Action item — Print all of the data exactly, but drop the pictures.

Source material —

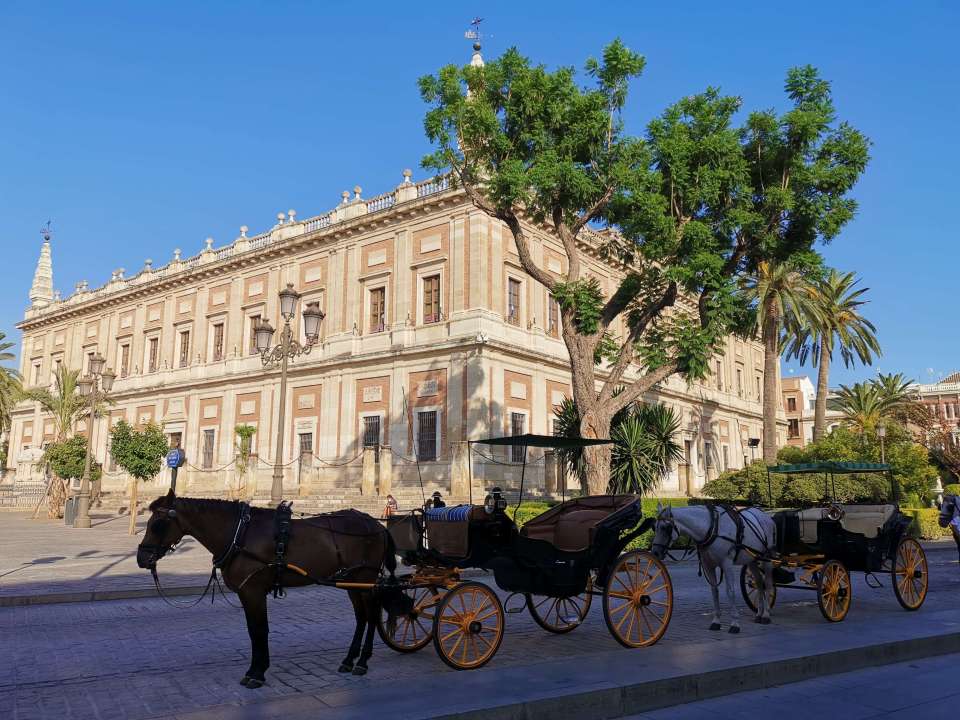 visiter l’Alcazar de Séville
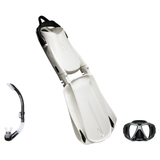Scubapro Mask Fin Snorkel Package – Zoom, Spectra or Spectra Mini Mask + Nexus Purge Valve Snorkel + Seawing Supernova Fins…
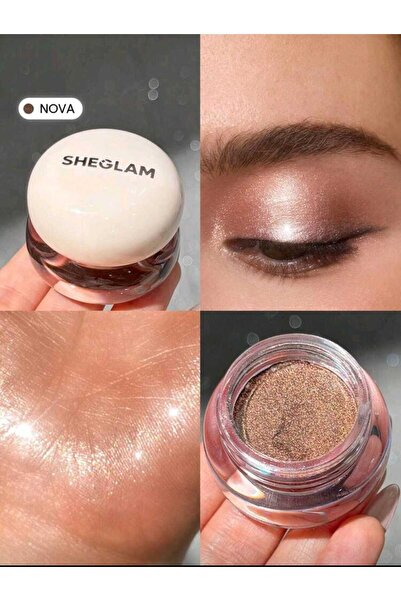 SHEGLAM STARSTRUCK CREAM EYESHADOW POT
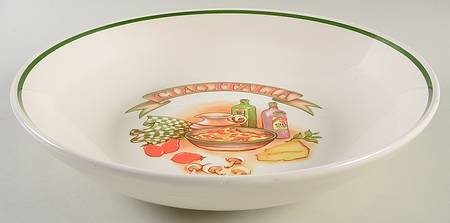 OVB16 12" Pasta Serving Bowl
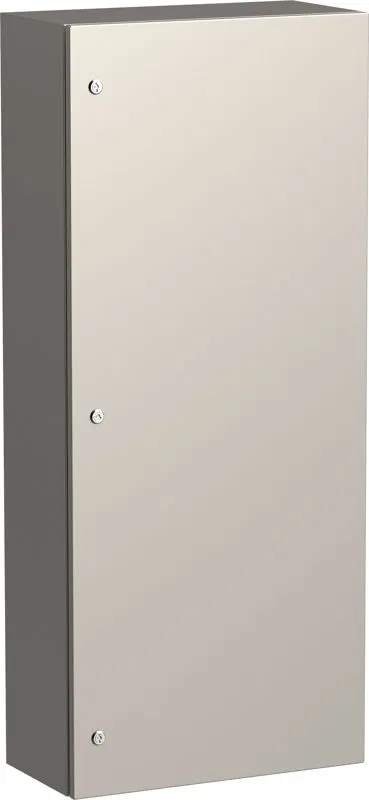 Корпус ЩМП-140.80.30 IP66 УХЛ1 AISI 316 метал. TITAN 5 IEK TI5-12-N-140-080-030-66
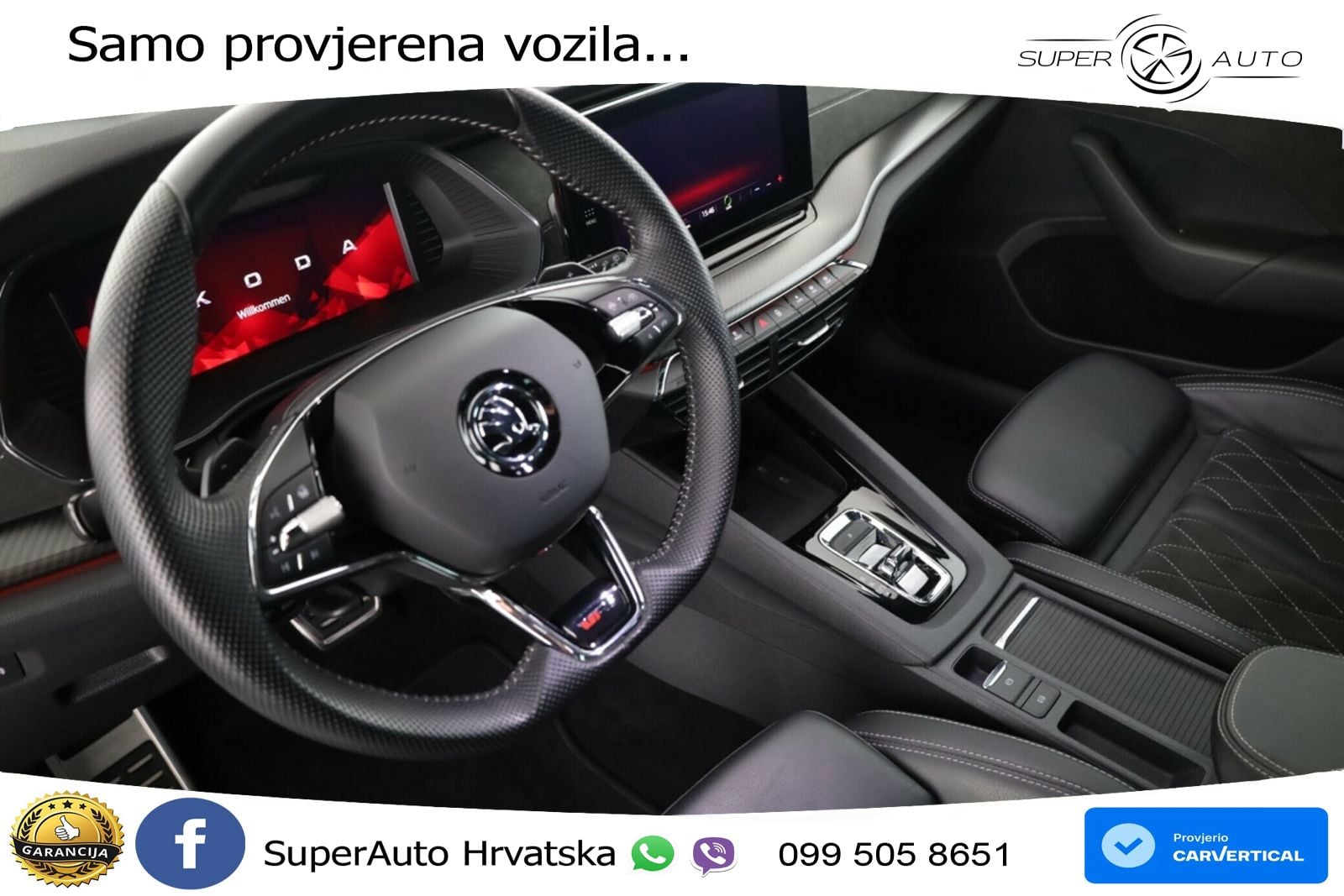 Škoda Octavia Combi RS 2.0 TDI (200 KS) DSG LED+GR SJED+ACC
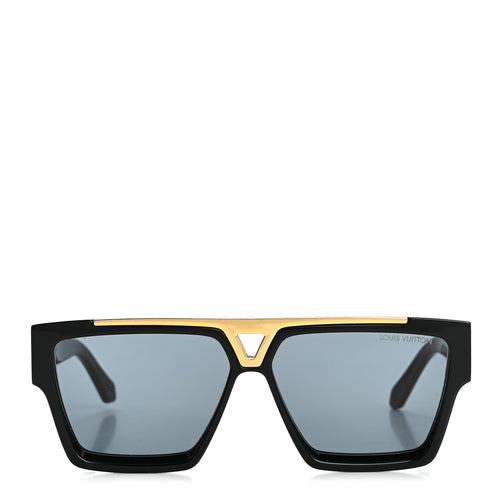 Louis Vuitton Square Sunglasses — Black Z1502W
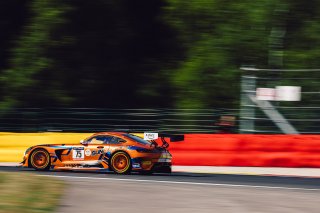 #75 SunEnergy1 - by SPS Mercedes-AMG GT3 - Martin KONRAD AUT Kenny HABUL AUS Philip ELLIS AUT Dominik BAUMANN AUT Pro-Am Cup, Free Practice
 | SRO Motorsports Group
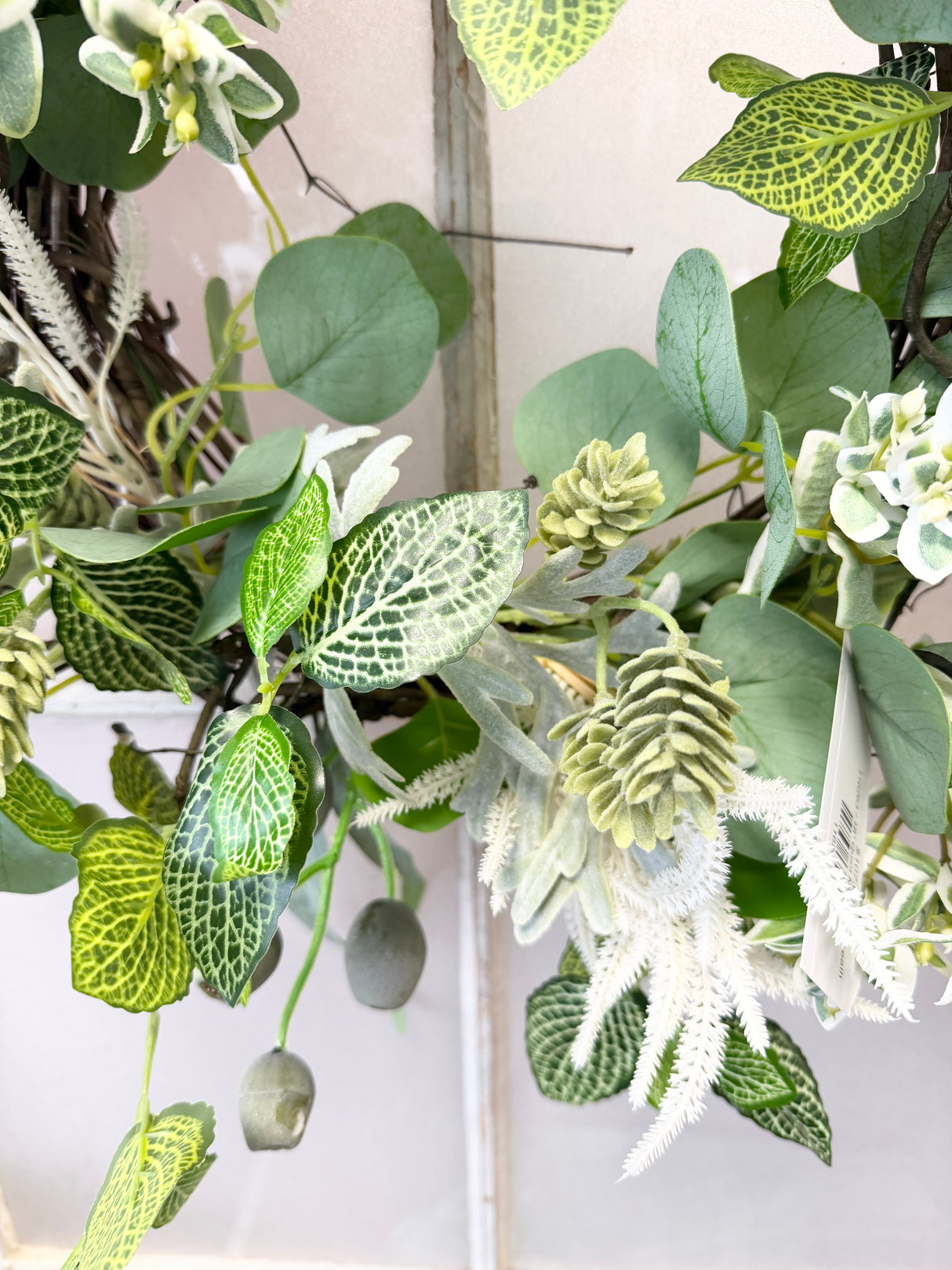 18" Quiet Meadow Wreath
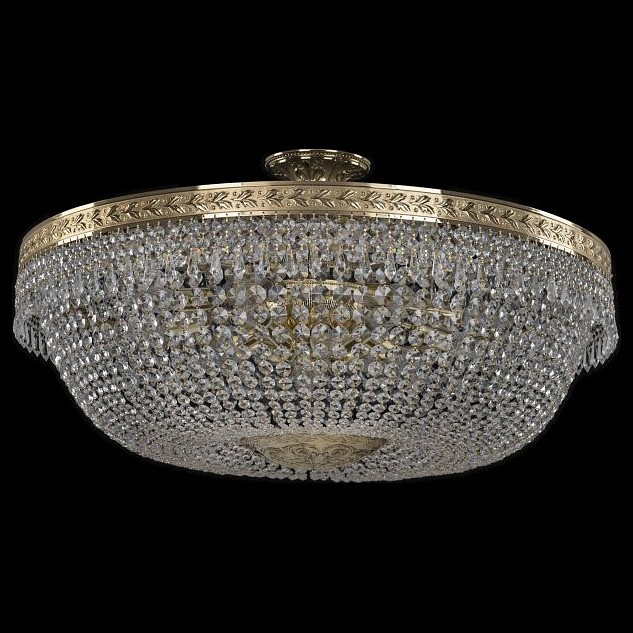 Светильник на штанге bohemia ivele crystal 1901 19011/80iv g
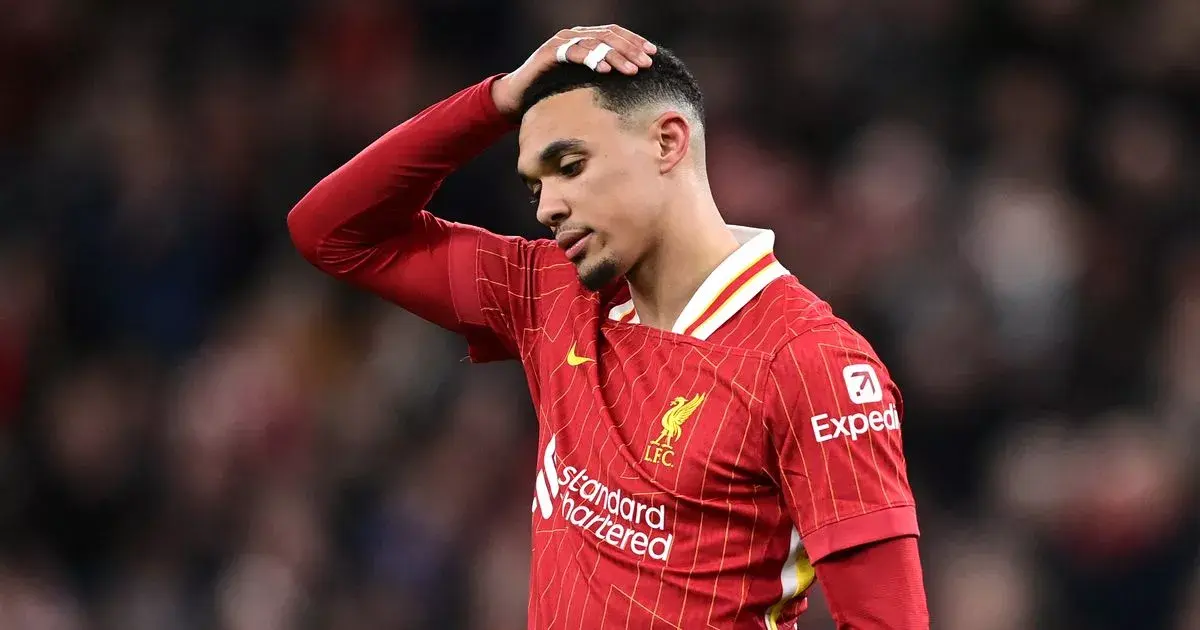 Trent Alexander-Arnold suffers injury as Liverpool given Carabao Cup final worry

Response for this exercise —
 visiter l’Alcazar de Séville
Scubapro Mask Fin Snorkel Package – Zoom, Spectra or Spectra Mini Mask + Nexus Purge Valve Snorkel + Seawing Supernova Fins…
 SHEGLAM STARSTRUCK CREAM EYESHADOW POT
 OVB16 12" Pasta Serving Bowl
 Корпус ЩМП-140.80.30 IP66 УХЛ1 AISI 316 метал. TITAN 5 IEK TI5-12-N-140-080-030-66
 Škoda Octavia Combi RS 2.0 TDI (200 KS) DSG LED+GR SJED+ACC
 Louis Vuitton Square Sunglasses — Black Z1502W
 #75 SunEnergy1 - by SPS Mercedes-AMG GT3 - Martin KONRAD AUT Kenny HABUL AUS Philip ELLIS AUT Dominik BAUMANN AUT Pro-Am Cup, Free Practice
 | SRO Motorsports Group
 18" Quiet Meadow Wreath
 Светильник на штанге bohemia ivele crystal 1901 19011/80iv g
 Trent Alexander-Arnold suffers injury as Liverpool given Carabao Cup final worry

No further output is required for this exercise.